How to Blur LinkedIn During Screen Sharing (Hide Messages, Connections & Candidates)
Recruiters presenting a pipeline: here's how to blur the LinkedIn messaging pane, candidate names, contact info, InMail threads and 'Who viewed your profile' before you share your screen.
To hide connections and messages on LinkedIn while screen sharing, blur the messaging pane, the notifications and any candidate names or contact details before you present — especially if you're a recruiter walking a client through a pipeline. BlurFirst paints the blur into the page as real pixels, so names, InMail threads and the 'Who viewed your profile' panel stay hidden in Zoom, Meet, Teams, Loom or any recording, and one hotkey blurs everything if a message notification appears mid-call.
What LinkedIn exposes when a recruiter shares a screen
The recruiter's screen is unusually leaky: you're logged in with your whole network, your outreach and your search history one click from view. Here's what a client can catch:
- The messaging pane — the persistent chat box at the bottom-right lists recent conversations and pops open with names and message previews.
- Connection and candidate names — search results, your connections list and 'People you may know' all name individuals your client shouldn't see you're courting.
- Candidate profiles and contact info — an open profile shows the name, current employer, and, under Contact info, email and phone.
- InMail and message threads — outreach you've sent to other candidates, including comp talk or feedback, sits in the messaging pane.
- Notifications — the bell and the toast that slides in name who reacted, messaged or viewed you.
- 'Who viewed your profile' — the panel and page reveal named viewers, sometimes competitors or other clients.
How to blur LinkedIn before you present a pipeline
- 1
Open the profile or shortlist you're presenting
Get LinkedIn (or LinkedIn Recruiter) to the exact candidate or list view you'll walk through.
- 2
Start BlurFirst
Press Ctrl/⌘ ⇧ Y to begin blurring. It all runs locally in your browser — nothing you blur leaves it.
- 3
Collapse and box-blur the messaging pane
Minimise the chat box, then drag a rectangle over the bottom-right corner so it stays frosted even if it pops open.
- 4
Element-blur names and contact info
On a profile, click the name, the Contact info block, or the current-employer line to hide just those while experience and skills stay visible for your walkthrough.
- 5
Keep the panic hotkey ready
Press Ctrl/⌘ ⇧ H if a message notification appears, a name autocompletes in search, or you land on the wrong profile.

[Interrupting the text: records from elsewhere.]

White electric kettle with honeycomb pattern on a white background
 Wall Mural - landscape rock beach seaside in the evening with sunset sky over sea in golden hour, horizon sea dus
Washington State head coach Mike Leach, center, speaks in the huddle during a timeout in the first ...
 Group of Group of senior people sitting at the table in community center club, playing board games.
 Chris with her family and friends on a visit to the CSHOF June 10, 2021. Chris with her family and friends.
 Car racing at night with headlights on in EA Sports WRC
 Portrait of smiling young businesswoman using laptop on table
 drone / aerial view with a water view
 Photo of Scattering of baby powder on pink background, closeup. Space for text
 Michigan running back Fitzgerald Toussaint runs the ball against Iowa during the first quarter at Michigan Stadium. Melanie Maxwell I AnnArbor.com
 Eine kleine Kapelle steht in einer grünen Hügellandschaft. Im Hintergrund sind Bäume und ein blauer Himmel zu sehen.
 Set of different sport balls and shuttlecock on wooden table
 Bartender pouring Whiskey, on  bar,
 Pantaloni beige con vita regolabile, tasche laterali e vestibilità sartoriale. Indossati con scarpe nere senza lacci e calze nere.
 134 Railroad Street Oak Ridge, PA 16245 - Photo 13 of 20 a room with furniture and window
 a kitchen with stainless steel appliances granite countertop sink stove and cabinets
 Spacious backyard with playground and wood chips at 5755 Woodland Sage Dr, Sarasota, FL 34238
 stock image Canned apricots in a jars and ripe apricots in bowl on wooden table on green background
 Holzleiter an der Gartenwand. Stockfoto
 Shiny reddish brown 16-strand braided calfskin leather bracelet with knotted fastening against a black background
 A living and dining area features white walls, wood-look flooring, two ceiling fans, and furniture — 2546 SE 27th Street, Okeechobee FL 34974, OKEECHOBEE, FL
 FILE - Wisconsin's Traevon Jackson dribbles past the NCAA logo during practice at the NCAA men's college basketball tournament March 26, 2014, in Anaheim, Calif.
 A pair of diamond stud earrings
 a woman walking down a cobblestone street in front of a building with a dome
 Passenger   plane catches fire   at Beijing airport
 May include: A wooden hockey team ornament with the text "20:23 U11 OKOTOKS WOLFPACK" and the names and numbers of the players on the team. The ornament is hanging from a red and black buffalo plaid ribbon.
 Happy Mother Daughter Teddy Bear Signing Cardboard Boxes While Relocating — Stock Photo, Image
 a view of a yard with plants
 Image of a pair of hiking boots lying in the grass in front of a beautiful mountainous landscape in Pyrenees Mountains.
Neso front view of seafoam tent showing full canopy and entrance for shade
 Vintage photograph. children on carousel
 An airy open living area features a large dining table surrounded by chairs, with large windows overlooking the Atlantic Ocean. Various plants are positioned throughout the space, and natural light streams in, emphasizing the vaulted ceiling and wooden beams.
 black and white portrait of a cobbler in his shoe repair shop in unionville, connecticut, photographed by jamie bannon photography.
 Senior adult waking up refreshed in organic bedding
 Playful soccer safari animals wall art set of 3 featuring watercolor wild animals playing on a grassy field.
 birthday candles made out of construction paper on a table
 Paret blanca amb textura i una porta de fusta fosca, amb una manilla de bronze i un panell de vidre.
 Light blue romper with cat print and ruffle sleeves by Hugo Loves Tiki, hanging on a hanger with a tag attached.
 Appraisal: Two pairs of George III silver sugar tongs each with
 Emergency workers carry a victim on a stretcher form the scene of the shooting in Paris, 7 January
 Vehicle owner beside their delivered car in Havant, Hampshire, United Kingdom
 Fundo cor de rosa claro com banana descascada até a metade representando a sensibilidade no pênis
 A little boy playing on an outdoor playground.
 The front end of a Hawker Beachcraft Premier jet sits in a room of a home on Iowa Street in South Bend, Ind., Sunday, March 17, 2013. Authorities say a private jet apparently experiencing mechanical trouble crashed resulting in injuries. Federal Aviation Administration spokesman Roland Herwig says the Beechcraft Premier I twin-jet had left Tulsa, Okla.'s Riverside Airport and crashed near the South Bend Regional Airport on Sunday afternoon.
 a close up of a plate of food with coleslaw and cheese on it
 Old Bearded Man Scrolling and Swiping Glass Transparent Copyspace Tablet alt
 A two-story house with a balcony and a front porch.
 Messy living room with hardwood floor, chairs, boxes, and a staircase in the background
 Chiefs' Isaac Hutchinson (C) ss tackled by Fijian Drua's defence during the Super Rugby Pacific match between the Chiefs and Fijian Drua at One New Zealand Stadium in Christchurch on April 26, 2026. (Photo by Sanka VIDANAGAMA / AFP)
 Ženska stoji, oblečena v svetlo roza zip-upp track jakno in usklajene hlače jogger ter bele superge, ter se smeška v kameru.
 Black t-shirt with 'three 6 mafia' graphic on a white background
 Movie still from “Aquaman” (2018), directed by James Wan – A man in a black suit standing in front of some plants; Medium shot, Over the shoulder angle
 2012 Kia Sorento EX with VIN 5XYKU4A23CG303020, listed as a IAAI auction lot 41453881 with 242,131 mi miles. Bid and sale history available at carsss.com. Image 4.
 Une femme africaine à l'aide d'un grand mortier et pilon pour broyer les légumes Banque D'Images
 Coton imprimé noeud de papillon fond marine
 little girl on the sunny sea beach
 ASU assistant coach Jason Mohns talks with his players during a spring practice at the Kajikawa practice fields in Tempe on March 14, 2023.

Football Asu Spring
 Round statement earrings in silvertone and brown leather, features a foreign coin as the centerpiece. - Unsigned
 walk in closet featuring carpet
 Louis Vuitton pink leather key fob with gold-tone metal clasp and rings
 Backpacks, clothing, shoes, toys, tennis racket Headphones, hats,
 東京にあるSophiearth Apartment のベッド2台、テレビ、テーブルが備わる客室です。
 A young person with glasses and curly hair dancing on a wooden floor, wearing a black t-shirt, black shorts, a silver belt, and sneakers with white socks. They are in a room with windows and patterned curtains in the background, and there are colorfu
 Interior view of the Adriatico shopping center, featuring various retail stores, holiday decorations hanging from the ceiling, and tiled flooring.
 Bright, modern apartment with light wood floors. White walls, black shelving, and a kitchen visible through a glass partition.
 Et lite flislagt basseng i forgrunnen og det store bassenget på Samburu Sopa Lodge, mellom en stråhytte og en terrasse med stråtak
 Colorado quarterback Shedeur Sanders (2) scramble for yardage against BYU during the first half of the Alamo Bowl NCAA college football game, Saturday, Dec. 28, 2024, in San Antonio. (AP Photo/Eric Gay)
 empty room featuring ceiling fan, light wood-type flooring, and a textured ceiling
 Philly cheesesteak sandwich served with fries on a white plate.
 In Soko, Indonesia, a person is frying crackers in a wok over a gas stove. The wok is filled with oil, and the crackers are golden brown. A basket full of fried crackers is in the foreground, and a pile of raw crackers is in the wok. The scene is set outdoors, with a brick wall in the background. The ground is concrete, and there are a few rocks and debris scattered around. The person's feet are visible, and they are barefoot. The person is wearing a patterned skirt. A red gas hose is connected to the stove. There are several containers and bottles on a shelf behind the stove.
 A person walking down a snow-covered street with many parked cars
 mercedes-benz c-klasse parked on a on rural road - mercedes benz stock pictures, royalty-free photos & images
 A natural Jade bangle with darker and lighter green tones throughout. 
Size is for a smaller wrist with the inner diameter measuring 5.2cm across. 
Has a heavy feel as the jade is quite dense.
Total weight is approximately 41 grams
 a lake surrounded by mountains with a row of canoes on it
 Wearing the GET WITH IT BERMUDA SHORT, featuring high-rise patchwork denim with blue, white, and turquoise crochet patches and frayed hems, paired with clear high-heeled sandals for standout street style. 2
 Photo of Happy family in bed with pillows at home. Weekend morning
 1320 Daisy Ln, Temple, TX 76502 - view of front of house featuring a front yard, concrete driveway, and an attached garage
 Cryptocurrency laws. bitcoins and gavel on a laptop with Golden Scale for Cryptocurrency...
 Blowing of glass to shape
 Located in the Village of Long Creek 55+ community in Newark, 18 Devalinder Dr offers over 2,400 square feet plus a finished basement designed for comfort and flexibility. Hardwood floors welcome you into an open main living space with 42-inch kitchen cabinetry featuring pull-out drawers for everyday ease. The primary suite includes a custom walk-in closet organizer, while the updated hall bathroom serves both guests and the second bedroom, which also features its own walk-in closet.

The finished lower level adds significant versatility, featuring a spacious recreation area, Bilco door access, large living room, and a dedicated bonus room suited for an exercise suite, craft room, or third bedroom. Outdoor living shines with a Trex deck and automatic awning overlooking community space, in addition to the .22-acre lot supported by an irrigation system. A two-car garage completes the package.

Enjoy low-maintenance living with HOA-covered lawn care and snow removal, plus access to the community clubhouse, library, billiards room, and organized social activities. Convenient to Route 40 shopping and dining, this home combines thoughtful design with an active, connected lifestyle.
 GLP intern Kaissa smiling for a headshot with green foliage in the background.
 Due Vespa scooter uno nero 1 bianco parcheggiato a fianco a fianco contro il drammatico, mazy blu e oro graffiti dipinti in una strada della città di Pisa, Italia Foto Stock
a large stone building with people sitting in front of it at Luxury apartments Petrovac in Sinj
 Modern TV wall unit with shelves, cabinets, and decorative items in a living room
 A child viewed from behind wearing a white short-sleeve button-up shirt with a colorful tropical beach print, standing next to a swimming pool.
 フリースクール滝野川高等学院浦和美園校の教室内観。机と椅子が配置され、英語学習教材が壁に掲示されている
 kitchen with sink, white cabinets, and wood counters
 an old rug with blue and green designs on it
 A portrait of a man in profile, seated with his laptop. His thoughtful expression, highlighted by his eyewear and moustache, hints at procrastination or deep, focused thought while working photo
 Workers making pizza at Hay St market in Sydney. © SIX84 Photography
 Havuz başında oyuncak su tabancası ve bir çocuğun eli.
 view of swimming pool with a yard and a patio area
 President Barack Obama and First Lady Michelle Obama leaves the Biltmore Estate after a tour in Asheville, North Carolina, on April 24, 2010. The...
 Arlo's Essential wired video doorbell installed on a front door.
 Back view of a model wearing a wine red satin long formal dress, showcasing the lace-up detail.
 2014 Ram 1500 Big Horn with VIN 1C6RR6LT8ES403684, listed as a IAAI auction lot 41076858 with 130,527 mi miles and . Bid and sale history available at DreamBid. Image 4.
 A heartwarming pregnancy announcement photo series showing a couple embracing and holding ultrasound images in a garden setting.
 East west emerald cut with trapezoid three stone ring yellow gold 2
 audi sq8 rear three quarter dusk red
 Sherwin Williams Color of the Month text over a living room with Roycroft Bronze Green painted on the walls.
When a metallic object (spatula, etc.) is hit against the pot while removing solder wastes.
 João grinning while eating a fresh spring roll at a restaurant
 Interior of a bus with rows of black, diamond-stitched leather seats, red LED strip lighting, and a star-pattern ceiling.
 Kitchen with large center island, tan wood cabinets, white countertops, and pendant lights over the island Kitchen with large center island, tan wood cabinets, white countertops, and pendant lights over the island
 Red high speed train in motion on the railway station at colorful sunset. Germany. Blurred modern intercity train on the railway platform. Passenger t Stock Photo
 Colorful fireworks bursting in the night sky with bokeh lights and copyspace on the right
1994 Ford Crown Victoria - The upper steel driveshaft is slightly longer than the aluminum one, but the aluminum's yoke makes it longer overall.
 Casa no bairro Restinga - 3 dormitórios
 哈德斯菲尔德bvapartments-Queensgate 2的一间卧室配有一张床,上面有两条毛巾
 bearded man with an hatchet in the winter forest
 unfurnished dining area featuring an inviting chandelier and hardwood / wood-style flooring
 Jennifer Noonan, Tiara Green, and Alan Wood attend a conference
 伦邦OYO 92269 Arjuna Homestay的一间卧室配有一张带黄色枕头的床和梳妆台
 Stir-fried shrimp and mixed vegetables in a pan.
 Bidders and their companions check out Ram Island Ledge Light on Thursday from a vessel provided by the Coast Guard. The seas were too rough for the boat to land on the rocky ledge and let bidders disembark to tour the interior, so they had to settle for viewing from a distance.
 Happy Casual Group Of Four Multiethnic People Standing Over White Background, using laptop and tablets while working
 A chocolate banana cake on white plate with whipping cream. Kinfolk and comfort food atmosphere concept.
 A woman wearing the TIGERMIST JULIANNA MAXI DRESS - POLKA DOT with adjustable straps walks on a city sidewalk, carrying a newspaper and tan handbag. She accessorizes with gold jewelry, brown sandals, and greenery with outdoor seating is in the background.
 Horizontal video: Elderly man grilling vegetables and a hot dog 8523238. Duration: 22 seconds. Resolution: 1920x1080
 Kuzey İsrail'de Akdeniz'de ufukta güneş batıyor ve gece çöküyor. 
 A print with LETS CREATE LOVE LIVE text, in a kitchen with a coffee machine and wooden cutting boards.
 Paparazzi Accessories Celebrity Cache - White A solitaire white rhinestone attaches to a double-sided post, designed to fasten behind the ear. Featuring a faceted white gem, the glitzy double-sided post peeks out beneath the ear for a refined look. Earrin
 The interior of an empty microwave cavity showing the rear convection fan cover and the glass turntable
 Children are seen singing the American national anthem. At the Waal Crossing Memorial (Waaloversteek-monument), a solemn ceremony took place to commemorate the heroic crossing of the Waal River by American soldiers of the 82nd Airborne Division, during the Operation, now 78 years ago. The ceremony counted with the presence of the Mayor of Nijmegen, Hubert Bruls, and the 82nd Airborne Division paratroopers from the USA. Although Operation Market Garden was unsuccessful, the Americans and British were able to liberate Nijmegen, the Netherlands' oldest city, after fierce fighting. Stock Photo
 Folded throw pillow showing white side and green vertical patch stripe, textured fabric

Presenting a candidate pipeline without leaking the others
The recruiter's problem is specific: you want your client to see the shortlisted candidate, not everyone else in your messages, your searches or your network. Box-blur the messaging pane and the left rail so names stay hidden, then use element blur on the single profile you're presenting — frost the contact details and current employer if the candidate hasn't consented to those being shown, while keeping their experience and skills readable. Because element blur toggles, you can click to reveal a field for a moment and click again to hide it. As you move between candidates, LinkedIn re-renders the page; region blurs re-apply to their anchored spot, and Pro's per-site auto-apply can bring back your structural blurs — the messaging pane, the rails — automatically each time you open LinkedIn.
Contact-info emails and phone numbers are exactly the kind of pattern BlurFirst's Scan (Pro) catches — one click detects and blurs them locally. Scan matches patterns, not names, so pair it with element blur over the candidate's name.
| LinkedIn element | Best gesture | Notes |
|---|---|---|
| Messaging pane (bottom-right) | Box/region blur | Anchored to the corner; covers it even when it pops open |
| Candidate name / current employer | Element blur | Hide just that line; toggle to reveal briefly |
| Contact info (email, phone) | Scan (Pro) or element blur | Scan detects the pattern; element blur hides the whole block |
| Left rail, 'Who viewed your profile' | Box/region blur | Covers named viewers and 'People you may know' |
| Notification bell / toast | Panic (Ctrl/⌘ ⇧ H) | Blurs the whole page instantly if a name flashes up |
Why LinkedIn's privacy settings don't help on a live share
LinkedIn's privacy controls — private profile-view mode, who can see your connections — govern what other LinkedIn users see when they browse. On a screen share, the viewer is looking through your logged-in session, so they see whatever you see, settings and all. There's no presenter mode that masks names. Blurring fixes the actual problem by controlling what the audience sees, and because the blur is real pixels in the page, a screenshot of the shared feed is covered too. Two honest limits: BlurFirst works inside the browser tab, so a LinkedIn mobile app mirrored to the screen isn't covered; and Scan detects patterns like emails and phone numbers, not free-text names — use element or box blur for those.